Mitch LeBlanc has written an alleged defense of his attempt to redefine God and hence defeat the presuppositionalist program. You may find his article here:
During a debate, Mitch asked of Razorskiss, “What if God is deceiving you?”
Several times now I have stated that this question is subject to Fallacy of Complex Question. Mitch disagrees, writing, “I did not present a false dichotomy of a yes or no, in which case I would agree that a labelling [sic] of my question as fallacy would be warranted” and “my question (2) does not force an answer in a similar manner [to illustrative question ‘1’ (“Do you know that God is deceiving you?”)]” in an attempt to justify this disagreement. My response to this is that Mitch just needs to review the fallacy in question. For the Fallacy of Complex Question to apply to a question the question does not need to require a “Yes or No” answer, therefore Mitch’s attempted justification for disagreement on whether or not the fallacy applies fails.

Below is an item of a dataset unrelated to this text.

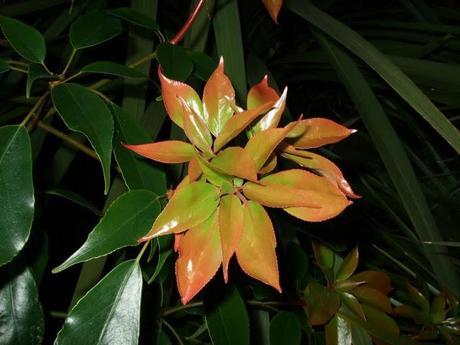 ...And Then We Turned Three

This aside, I have claimed that the question “What if God is deceiving you?” requires that some consequence or consequences be named if it is the case that God is deceiving the recipient of the question. I cannot think of how any such answer, if one were able to supply it (it is inconceivable to me that God should lie), would serve to further understanding for either the Objectivist or the presuppositionalist. The point of the question appears to me to be to suggest that God can lie, and nothing more. We will examine this suggestion soon, if the Lord wills.